Written by Derrick Sherwin. Directed by Douglas Camfield. Animation recreation produced and directed by Steve Maher.
Format: 8 episodes, each about 25 minutes long
Originally Aired: November – December 1968 (Episodes 11-18 of Season 6)
At eight episodes, The Invasion is the longest Cybermen story that we’ve had in Doctor Who. It was the their fifth appearance on the show, with just over two years since they’d debuted, and it became their finale appearance for the next seven years. Two of the eight episodes remain missing from the BBC archives, but have now been re-created via animation.
Spoilers Ahead!
There is a lot about The Invasion that is legitimately classic. It’s got the Cybermen, of course, who are not actually fully revealed until the end of Part 4, but are still effectively built up. It’s got some creepy scenes of our characters skulking around in the sewers, being menaced by the Cybermen. And of course it’s got the famous shot of the Cybermen descending the stairs of St Paul’s Cathedral–maybe one of the most iconic images the show has ever delivered.

For the first time, the Cybermen were not a menace in the future, or on an alien planet, or on a space station…they were here, they were now, they could be lurking around any corner and under any manhole.
The other thing the story did was introduce UNIT, after testing the waters the previous year with the modern military presence featured in The Web of Fear. Back leading UNIT is Nicholas Courtney as Lethbridge-Stewart, now promoted to Brigadier.
Courtney is an interesting actor–he’s able to convey a genuine sense of military authority in his voice and body language, so that one can believe he’s the type of guy who is commanding such a significant operation. But he is able to do this without resorting to bluster, and the script thankfully has only respect for the job he is doing–the character is free of the buffoonery that you occasionally got with him later on.
Indeed, except for the panicky Private Perkins, all of the UNIT soldiers acquit themselves quite well. It’s good to see the stalwart John Levene making his debut as Benton, at this stage still a corporal. He’s got a likable everyman quality to him that made him a charming presence as the show continued. All of this set the stage for where the show was going, with the Doctor exiled to earth working as an advisor to the soldiers tasked with defending the earth from the extraordinary threats that menaced it. Patrick Troughton’s second Doctor is a lot more good-natured about it then the Third Doctor ever was, but then he wasn’t in trapped, so it’s understandable.
Beyond UNIT there are other interesting members of the cast. Kevin Stoney is good and kind of crazy as Tobias Vaughn, although the character himself has not aged well–at least not in terms of Doctor Who, anyway. Back then, the “collaborator” character was still relatively new to the show (although Stoney himself had played the first major one with the Daleks a few years earlier, in The Daleks’s Masterplan). So it’s patently obvious from the beginning of the story that Tobias Vaughn’s confidence is badly misplaced, and that is most certainly doomed. But it might have been more suspenseful in 1968, and at least Vaughn realizes his mistake somewhere along the way and does a good job fighting back against the Cybermen before he is killed.
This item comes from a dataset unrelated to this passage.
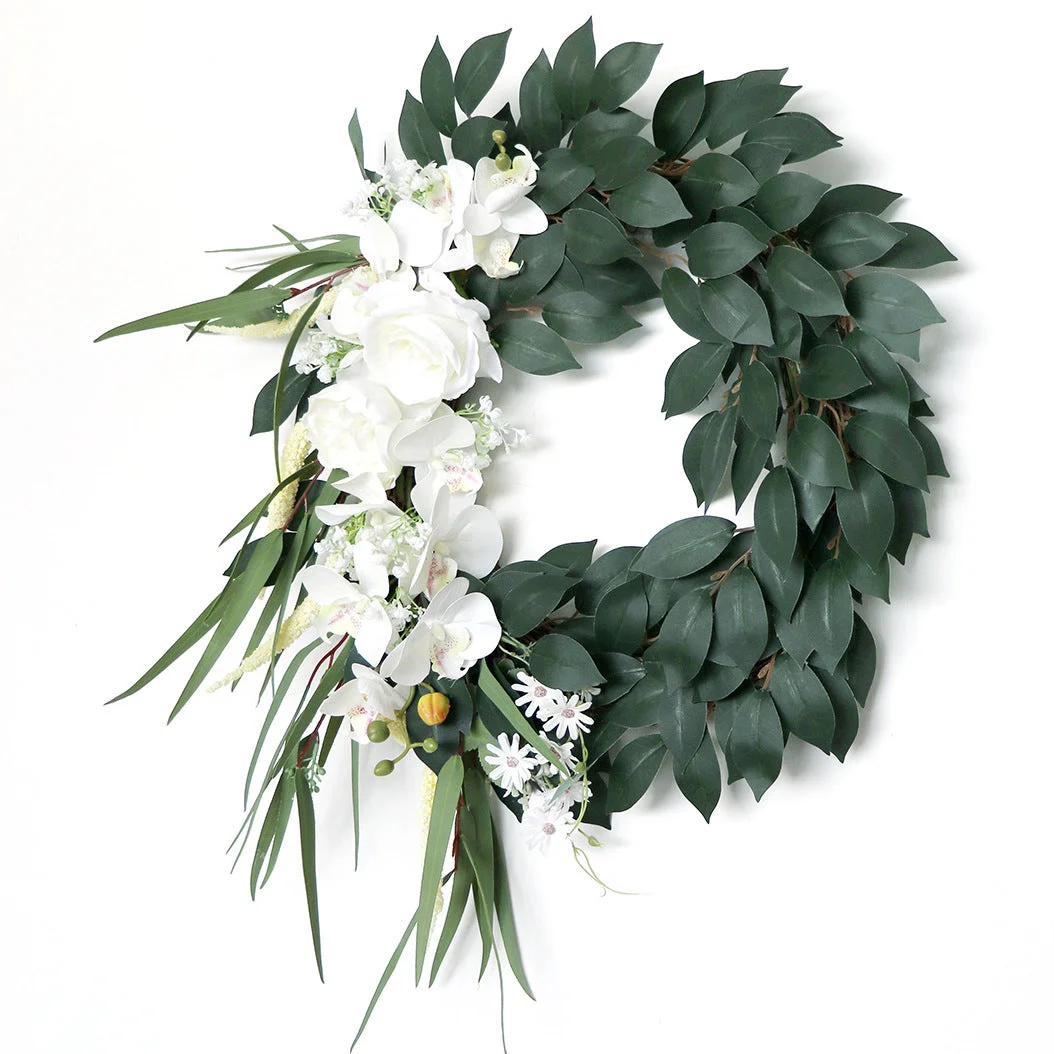 Phalaenopsis and Ficus Leaves Wreath Elegant Summer Front Door Garland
Sally Faulkner as Isobel Watkins is also a bright presence in the serial, giving Jamie and Zoe a modern-day connection. The three end up running around a bit like teenagers, refusing to listen to their elders and getting into trouble. Zoe even gets to do some modeling! It’s a little silly, but it’s a fun contrast with all the military drama going on.
The biggest flaws with The Invasion have to do with plotting and pacing. The early episodes feature the Doctor and his friends breaking into International Electromatics no less then three times, often getting chased, getting captured, having to escape, etc. The later episodes feature some odd gaps in the storytelling which betray the show’s limited budget: we get to hear about the fantastically exciting scene of UNIT rescuing Professor Watkins rather than actually seeing it, for example, And then the climax of the story is told with people in control rooms pressing buttons and waiting tensely, and then announcing what has happened, giving the story a bit of a lackluster conclusion.
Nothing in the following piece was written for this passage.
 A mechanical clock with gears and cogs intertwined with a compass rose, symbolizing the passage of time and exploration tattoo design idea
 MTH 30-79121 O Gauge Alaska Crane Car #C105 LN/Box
But even with those problems, The Invasion has enough going for it to make it an enjoyable, earth-bound alien invasion epic. The Doctor, Jamie and Zoe are one of the series’ great ensembles, and UNIT and the Brigardier really are an effective addition to the show’s mythology. Combine that with the Cybermen at their most classic, and the story is still a winner in spite of its problems.
I particularly enjoy the scene where Zoe outthinks a computer. She was a remarkably capable companion.
She was at that, for sure. She and Jamie made a great team that way–brains and brawn, with both being likable and capable.